LLM for RL

Dawid Laszuk published on April 25, 2026

2 min, 300 words

I've been thinking about reinforcement learning (RL) much more recently. It's always been on my mind but recently it got much more attention. Multiple reasons. The strongest one hearing calling everything "agent" and then trying to understand what the author means by that. To me, it always comes back to RL definition: an actor which can observe some representation of an actual state and acts on it with a feedback. That's quite dry for most; they usually mean "LLM does something in a loop". I guess that works as well. So, if it works in definitions, does it work in "practise?"
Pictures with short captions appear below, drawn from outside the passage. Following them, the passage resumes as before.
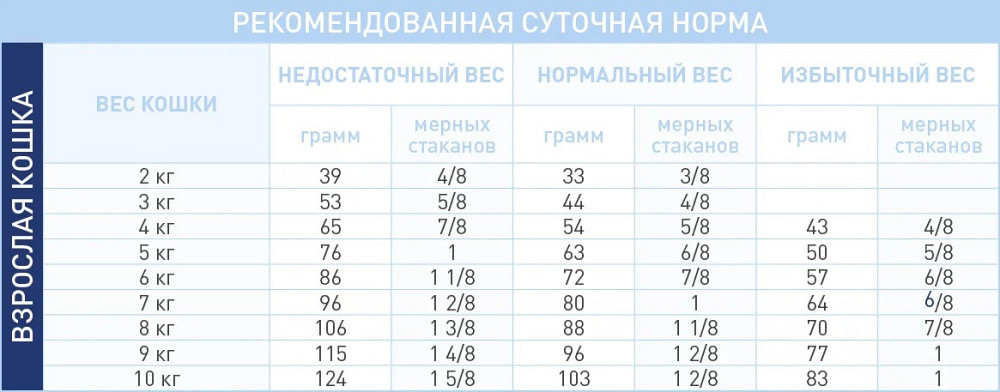 Royal Canin Mobility (Роял Канін Мобіліті Фелін) корм для котів у разі захворювань опорно-рухового апарату Запоріжжя - фото 4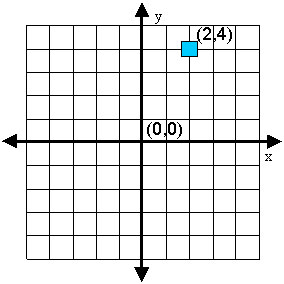 Cartesian plot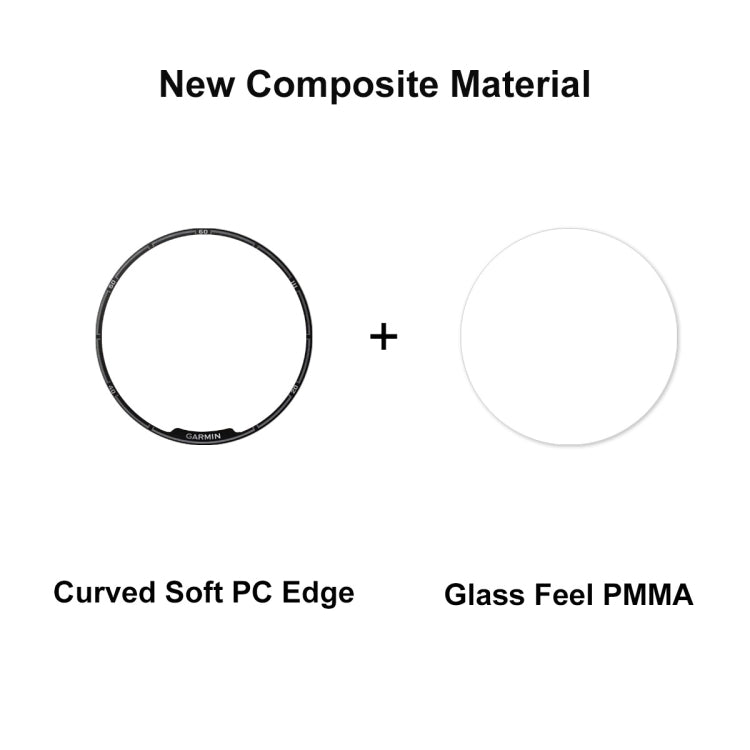 For Garmin Fenix 7X Pro 2pcs ENKAY 3D Full Coverage Soft PC Edge PMMA HD Screen Protector Film - free shipping - PMC TechLife - Order now!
To be honest, I've been missing an opportunity to play around with RL a bit more. This might be the time to play with it. My old project - ai-traineree which I haven't updated in 4 years(!), except small chores - seems to be calling me.

When LLMs were getting popular there were some attempts at using them as RL agents. Some attempts were around playing games with a popular meme of Pokemon Red was the thing. At the time, I thought that's just a waste of time and resources. Way too large a model for such a thing. But, as the time got by and as the definition of "big" has changed, I'm more thinking that it's actually a pretty good idea. Not to use LLM to completely decide on the action to take but augment it via planning or "memory" consolidation.

That's a long way of saying I'm starting to play again with RL. There are a lot of great, tiny models. Fine-tuning is trivial. Augmenting DQN with small language models (SLMs) seems like a potential improvement. Or, if not, a fun side project. I think it's going to teach me something.